Sur sa table, il y avait, à côté de son sac, de son eau et de sa paritition ouverte, les accessoires de Canio : le couteau à cran d’arrêt et, dans le chapeau de gangster ,le nez rouge qu’il met quand il chante a ventitrè ore. Avant d’aller finir de se changer dans la salle de bains, il a pris le nez de Canio et l’a mis sur le mien, d’un geste léger, très rapide, précis. C’est une petite chose douce et légère qui ne dérange pas. Il est ressorti de la salle de bains, Turridu des pieds à la tête. Évidemment, j’avais gardé le nez, c’est celui de Canio, Roberto en fait ce qu’il veut, il reste où il le pose.
J’ignore s’il sait à quel point les photos que Stella a prises de lui et moi avec le nez de Canio sur le mien me rendent contente, mais la voilà cette photo de Turridu et moi !
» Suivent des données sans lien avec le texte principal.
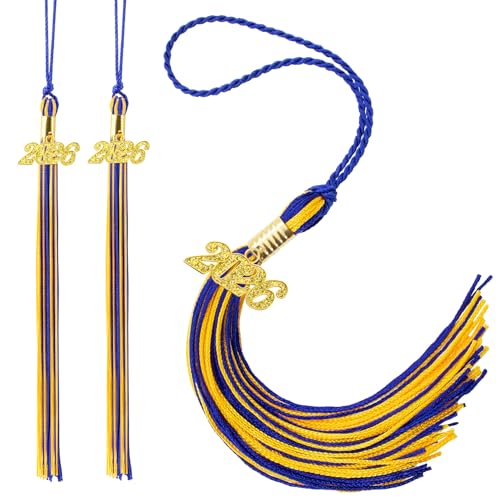 2Pcs Tassel Graduation 2026 Blue and Gold Tassels for Graduation Cap 2026, Grad Cap Decorations with Gold 2026 Tassel Charm, Class of 2026 Tassels Gifts Grad Decoration for Ceremonies Accessories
Roberto Alagna avec le blouson de Turridu et Jacqueline Dauxois avec le nez de Canio.

Annexes :

Eva-Maria Westbroek est une belle et convaincante Santuzza.
Carlos Alavarez a la puissance physique et vocale d’un Tonio qui n’a pas été enlaidi (tant mieux) pour en faire un monstre tordu.

Dans un pays de musique comme l’Allemagne, où les rues et les stations de métro portent des noms de musiciens et de poètes, le petit programme distribué gratuitement aux spectateurs comporte une double page avec une notice sur les solistes, la liste de tous les musiciens et des instruments qu’ils jouent et celle des chanteurs du chœur avec leur qualification .

Le Deutsche Oper après la représentation.